A 'memory palace', Judt says in this introduction of short biographical texts, is too big, too opulent for his state of mind right now. But a memory chalet - like the small, homey place he stayed with his family as a 10-year-old on a trip to Switzerland when finances were unusually good - yes, a memory chalet he could handle.

'Memory palace' here refers to the memory trick, of laying out a speech or train of thought for later recall by pinning each point to a familiar feature of a building. It's a tool Judt has come to use and to hone over long sleepless nights. Dying of Lou Gehrig's disease - a neurological disorder which sees him first lose control of his limbs, and then, the time will come, of his diaphragm, meaning he can't push air over his vocal cords, and therefore cannot write nor speak - each night his caregiver wheels him to his cot, lays him out carefully (when you can't move, any misalignment of head to neck, neck to chest, torso to limbs, is agonising), and leaves him in the dark, not to sleep, but to remember and to write inside his head, waiting until the next day comes and he can mutter and murmur his 'writing' to a friend, who will take it down for him.

It is appalling to stand by as such a literate and literary man, a man in love with words and languages, is slowly stripped of his power to communicate. And Judt is not going gently - he describes the disease as a catastrophe. But he does not dwell on it; instead, the little histories (quite like anything he's written before, and originally never intended for publication) cast back to his childhood, his father's love of Citroen cars, his own solitary adventures on London's bus and subway networks, family holidays and ferries to France, his schooling and university years, his gradual move from the 'isms' of the 1960s to a detached reasoning type of history later in his career.

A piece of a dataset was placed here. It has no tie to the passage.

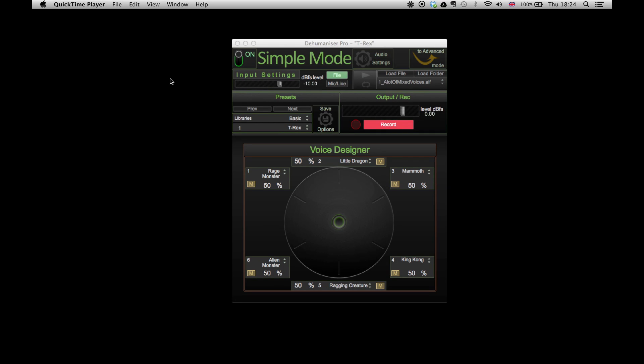In this tutorial I'm going to show you the routing function in Dehumanizer Pro and show you examples of custom workflows.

Perhaps because they were not intended to be published, but were more of a survival mechanism, the essays do not come across as at all pious or sentimental - they are not intended to help us live better lives, or meet death with a smiling face. Instead, they feel like a slow tracking of many threads: as Judt's life rapidly contracts to what is available inside his own head, he uses this material for mental exercise.

I found the meditations on contemporary Jewish identity (Judt is Jewish, but not practicing, outgrew his teenage Zionism quickly, and is bemused, even frustrated, by contemporary American Jewish attitudes towards the Middle East) particularly interesting. We have copies of Judt's history of post-World War II Europe and his 'Ill Fares the Land' on contemporary politics lying about the house. I look forward to getting further acquainted.